▸ **Goal of the exercise**: All of the records are to be copied out exactly, with nothing left out.

+-------+

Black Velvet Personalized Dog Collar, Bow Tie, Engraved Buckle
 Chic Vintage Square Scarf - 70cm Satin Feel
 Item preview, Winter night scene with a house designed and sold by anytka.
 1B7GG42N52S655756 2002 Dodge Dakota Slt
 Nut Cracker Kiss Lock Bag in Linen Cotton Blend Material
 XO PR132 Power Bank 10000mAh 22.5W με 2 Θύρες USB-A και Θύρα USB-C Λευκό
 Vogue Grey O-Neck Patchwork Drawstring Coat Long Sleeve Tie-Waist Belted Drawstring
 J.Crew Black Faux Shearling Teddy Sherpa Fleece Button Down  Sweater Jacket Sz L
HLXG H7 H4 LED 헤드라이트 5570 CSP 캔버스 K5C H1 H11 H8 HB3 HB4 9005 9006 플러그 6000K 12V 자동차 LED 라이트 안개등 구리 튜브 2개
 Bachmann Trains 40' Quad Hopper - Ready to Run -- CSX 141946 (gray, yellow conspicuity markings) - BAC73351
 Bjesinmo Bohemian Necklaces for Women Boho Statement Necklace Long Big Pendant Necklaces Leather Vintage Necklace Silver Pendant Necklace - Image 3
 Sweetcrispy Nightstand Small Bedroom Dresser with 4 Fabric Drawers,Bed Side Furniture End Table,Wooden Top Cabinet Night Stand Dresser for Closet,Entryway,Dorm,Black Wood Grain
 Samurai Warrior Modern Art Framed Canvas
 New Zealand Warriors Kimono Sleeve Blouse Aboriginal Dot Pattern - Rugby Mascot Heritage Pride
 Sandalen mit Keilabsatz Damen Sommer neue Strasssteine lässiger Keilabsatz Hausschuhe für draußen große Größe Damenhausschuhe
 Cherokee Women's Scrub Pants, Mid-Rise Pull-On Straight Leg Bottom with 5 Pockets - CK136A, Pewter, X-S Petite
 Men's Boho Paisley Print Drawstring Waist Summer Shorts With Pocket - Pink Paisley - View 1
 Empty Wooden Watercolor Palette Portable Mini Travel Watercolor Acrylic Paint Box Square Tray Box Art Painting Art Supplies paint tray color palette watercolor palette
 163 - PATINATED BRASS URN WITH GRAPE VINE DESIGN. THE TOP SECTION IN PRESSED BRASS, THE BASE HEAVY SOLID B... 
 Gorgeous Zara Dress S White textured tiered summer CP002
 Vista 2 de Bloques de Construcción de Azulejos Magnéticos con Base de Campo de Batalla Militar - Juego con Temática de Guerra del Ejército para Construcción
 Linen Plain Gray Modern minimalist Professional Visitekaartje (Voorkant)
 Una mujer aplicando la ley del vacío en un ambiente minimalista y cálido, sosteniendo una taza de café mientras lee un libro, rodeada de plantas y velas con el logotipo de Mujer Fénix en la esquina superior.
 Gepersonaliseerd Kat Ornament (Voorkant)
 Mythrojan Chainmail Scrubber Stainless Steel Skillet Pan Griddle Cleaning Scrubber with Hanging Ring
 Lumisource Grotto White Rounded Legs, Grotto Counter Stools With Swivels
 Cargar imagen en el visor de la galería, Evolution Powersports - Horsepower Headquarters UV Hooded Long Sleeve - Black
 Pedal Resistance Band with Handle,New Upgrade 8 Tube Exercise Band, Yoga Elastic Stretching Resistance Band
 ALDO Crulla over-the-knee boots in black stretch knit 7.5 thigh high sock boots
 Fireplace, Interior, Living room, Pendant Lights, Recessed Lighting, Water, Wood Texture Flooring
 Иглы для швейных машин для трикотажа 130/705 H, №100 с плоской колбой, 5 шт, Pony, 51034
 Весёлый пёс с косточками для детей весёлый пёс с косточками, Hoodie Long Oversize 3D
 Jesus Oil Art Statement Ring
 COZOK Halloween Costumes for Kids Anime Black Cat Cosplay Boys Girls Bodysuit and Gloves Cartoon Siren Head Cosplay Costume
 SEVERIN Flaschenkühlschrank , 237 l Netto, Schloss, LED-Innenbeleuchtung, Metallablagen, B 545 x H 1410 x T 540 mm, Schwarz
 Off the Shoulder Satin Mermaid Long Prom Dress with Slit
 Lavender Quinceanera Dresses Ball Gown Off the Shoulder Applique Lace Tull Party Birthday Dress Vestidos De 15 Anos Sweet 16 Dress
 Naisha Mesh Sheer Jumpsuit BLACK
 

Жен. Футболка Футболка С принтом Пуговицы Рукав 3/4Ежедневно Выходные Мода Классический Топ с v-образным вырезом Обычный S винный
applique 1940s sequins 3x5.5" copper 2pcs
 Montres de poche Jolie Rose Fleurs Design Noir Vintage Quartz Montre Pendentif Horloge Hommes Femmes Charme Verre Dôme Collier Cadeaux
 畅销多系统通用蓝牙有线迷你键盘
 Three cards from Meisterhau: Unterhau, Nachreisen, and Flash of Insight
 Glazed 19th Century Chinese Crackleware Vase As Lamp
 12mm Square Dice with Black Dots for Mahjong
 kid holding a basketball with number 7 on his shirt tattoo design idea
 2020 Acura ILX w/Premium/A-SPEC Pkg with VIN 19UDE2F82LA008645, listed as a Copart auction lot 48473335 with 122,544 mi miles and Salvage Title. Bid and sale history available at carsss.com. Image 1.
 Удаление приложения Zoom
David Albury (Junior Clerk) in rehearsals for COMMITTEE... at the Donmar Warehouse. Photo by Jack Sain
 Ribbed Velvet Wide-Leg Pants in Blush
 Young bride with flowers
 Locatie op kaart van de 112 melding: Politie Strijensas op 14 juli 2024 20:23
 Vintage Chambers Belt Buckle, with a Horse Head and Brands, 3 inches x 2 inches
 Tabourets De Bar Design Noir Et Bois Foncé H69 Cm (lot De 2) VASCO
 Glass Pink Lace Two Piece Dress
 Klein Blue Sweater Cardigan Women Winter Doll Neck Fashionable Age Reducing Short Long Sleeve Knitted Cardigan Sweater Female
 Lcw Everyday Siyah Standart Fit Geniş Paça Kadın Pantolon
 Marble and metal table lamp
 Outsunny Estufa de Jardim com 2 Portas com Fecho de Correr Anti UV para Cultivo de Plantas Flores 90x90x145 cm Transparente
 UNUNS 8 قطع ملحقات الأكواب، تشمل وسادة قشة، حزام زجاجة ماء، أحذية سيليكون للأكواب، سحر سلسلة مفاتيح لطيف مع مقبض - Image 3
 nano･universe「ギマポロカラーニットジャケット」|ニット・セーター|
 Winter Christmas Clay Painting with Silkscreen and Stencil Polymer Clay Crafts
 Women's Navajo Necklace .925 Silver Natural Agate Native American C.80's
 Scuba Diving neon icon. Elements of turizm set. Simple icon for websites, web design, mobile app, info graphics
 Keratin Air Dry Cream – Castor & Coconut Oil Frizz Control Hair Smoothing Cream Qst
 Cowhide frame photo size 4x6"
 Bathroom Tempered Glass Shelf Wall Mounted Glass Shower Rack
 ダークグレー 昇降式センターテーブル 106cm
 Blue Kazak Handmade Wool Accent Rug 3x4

+-------+

▸ **Solution**:
Black Velvet Personalized Dog Collar, Bow Tie, Engraved Buckle
 Chic Vintage Square Scarf - 70cm Satin Feel
 Item preview, Winter night scene with a house designed and sold by anytka.
 1B7GG42N52S655756 2002 Dodge Dakota Slt
 Nut Cracker Kiss Lock Bag in Linen Cotton Blend Material
 XO PR132 Power Bank 10000mAh 22.5W με 2 Θύρες USB-A και Θύρα USB-C Λευκό
 Vogue Grey O-Neck Patchwork Drawstring Coat Long Sleeve Tie-Waist Belted Drawstring
 J.Crew Black Faux Shearling Teddy Sherpa Fleece Button Down  Sweater Jacket Sz L
HLXG H7 H4 LED 헤드라이트 5570 CSP 캔버스 K5C H1 H11 H8 HB3 HB4 9005 9006 플러그 6000K 12V 자동차 LED 라이트 안개등 구리 튜브 2개
 Bachmann Trains 40' Quad Hopper - Ready to Run -- CSX 141946 (gray, yellow conspicuity markings) - BAC73351
 Bjesinmo Bohemian Necklaces for Women Boho Statement Necklace Long Big Pendant Necklaces Leather Vintage Necklace Silver Pendant Necklace - Image 3
 Sweetcrispy Nightstand Small Bedroom Dresser with 4 Fabric Drawers,Bed Side Furniture End Table,Wooden Top Cabinet Night Stand Dresser for Closet,Entryway,Dorm,Black Wood Grain
 Samurai Warrior Modern Art Framed Canvas
 New Zealand Warriors Kimono Sleeve Blouse Aboriginal Dot Pattern - Rugby Mascot Heritage Pride
 Sandalen mit Keilabsatz Damen Sommer neue Strasssteine lässiger Keilabsatz Hausschuhe für draußen große Größe Damenhausschuhe
 Cherokee Women's Scrub Pants, Mid-Rise Pull-On Straight Leg Bottom with 5 Pockets - CK136A, Pewter, X-S Petite
 Men's Boho Paisley Print Drawstring Waist Summer Shorts With Pocket - Pink Paisley - View 1
 Empty Wooden Watercolor Palette Portable Mini Travel Watercolor Acrylic Paint Box Square Tray Box Art Painting Art Supplies paint tray color palette watercolor palette
 163 - PATINATED BRASS URN WITH GRAPE VINE DESIGN. THE TOP SECTION IN PRESSED BRASS, THE BASE HEAVY SOLID B... 
 Gorgeous Zara Dress S White textured tiered summer CP002
 Vista 2 de Bloques de Construcción de Azulejos Magnéticos con Base de Campo de Batalla Militar - Juego con Temática de Guerra del Ejército para Construcción
 Linen Plain Gray Modern minimalist Professional Visitekaartje (Voorkant)
 Una mujer aplicando la ley del vacío en un ambiente minimalista y cálido, sosteniendo una taza de café mientras lee un libro, rodeada de plantas y velas con el logotipo de Mujer Fénix en la esquina superior.
 Gepersonaliseerd Kat Ornament (Voorkant)
 Mythrojan Chainmail Scrubber Stainless Steel Skillet Pan Griddle Cleaning Scrubber with Hanging Ring
 Lumisource Grotto White Rounded Legs, Grotto Counter Stools With Swivels
 Cargar imagen en el visor de la galería, Evolution Powersports - Horsepower Headquarters UV Hooded Long Sleeve - Black
 Pedal Resistance Band with Handle,New Upgrade 8 Tube Exercise Band, Yoga Elastic Stretching Resistance Band
 ALDO Crulla over-the-knee boots in black stretch knit 7.5 thigh high sock boots
 Fireplace, Interior, Living room, Pendant Lights, Recessed Lighting, Water, Wood Texture Flooring
 Иглы для швейных машин для трикотажа 130/705 H, №100 с плоской колбой, 5 шт, Pony, 51034
 Весёлый пёс с косточками для детей весёлый пёс с косточками, Hoodie Long Oversize 3D
 Jesus Oil Art Statement Ring
 COZOK Halloween Costumes for Kids Anime Black Cat Cosplay Boys Girls Bodysuit and Gloves Cartoon Siren Head Cosplay Costume
 SEVERIN Flaschenkühlschrank , 237 l Netto, Schloss, LED-Innenbeleuchtung, Metallablagen, B 545 x H 1410 x T 540 mm, Schwarz
 Off the Shoulder Satin Mermaid Long Prom Dress with Slit
 Lavender Quinceanera Dresses Ball Gown Off the Shoulder Applique Lace Tull Party Birthday Dress Vestidos De 15 Anos Sweet 16 Dress
 Naisha Mesh Sheer Jumpsuit BLACK
 

Жен. Футболка Футболка С принтом Пуговицы Рукав 3/4Ежедневно Выходные Мода Классический Топ с v-образным вырезом Обычный S винный
applique 1940s sequins 3x5.5" copper 2pcs
 Montres de poche Jolie Rose Fleurs Design Noir Vintage Quartz Montre Pendentif Horloge Hommes Femmes Charme Verre Dôme Collier Cadeaux
 畅销多系统通用蓝牙有线迷你键盘
 Three cards from Meisterhau: Unterhau, Nachreisen, and Flash of Insight
 Glazed 19th Century Chinese Crackleware Vase As Lamp
 12mm Square Dice with Black Dots for Mahjong
 kid holding a basketball with number 7 on his shirt tattoo design idea
 2020 Acura ILX w/Premium/A-SPEC Pkg with VIN 19UDE2F82LA008645, listed as a Copart auction lot 48473335 with 122,544 mi miles and Salvage Title. Bid and sale history available at carsss.com. Image 1.
 Удаление приложения Zoom
David Albury (Junior Clerk) in rehearsals for COMMITTEE... at the Donmar Warehouse. Photo by Jack Sain
 Ribbed Velvet Wide-Leg Pants in Blush
 Young bride with flowers
 Locatie op kaart van de 112 melding: Politie Strijensas op 14 juli 2024 20:23
 Vintage Chambers Belt Buckle, with a Horse Head and Brands, 3 inches x 2 inches
 Tabourets De Bar Design Noir Et Bois Foncé H69 Cm (lot De 2) VASCO
 Glass Pink Lace Two Piece Dress
 Klein Blue Sweater Cardigan Women Winter Doll Neck Fashionable Age Reducing Short Long Sleeve Knitted Cardigan Sweater Female
 Lcw Everyday Siyah Standart Fit Geniş Paça Kadın Pantolon
 Marble and metal table lamp
 Outsunny Estufa de Jardim com 2 Portas com Fecho de Correr Anti UV para Cultivo de Plantas Flores 90x90x145 cm Transparente
 UNUNS 8 قطع ملحقات الأكواب، تشمل وسادة قشة، حزام زجاجة ماء، أحذية سيليكون للأكواب، سحر سلسلة مفاتيح لطيف مع مقبض - Image 3
 nano･universe「ギマポロカラーニットジャケット」|ニット・セーター|
 Winter Christmas Clay Painting with Silkscreen and Stencil Polymer Clay Crafts
 Women's Navajo Necklace .925 Silver Natural Agate Native American C.80's
 Scuba Diving neon icon. Elements of turizm set. Simple icon for websites, web design, mobile app, info graphics
 Keratin Air Dry Cream – Castor & Coconut Oil Frizz Control Hair Smoothing Cream Qst
 Cowhide frame photo size 4x6"
 Bathroom Tempered Glass Shelf Wall Mounted Glass Shower Rack
 ダークグレー 昇降式センターテーブル 106cm
 Blue Kazak Handmade Wool Accent Rug 3x4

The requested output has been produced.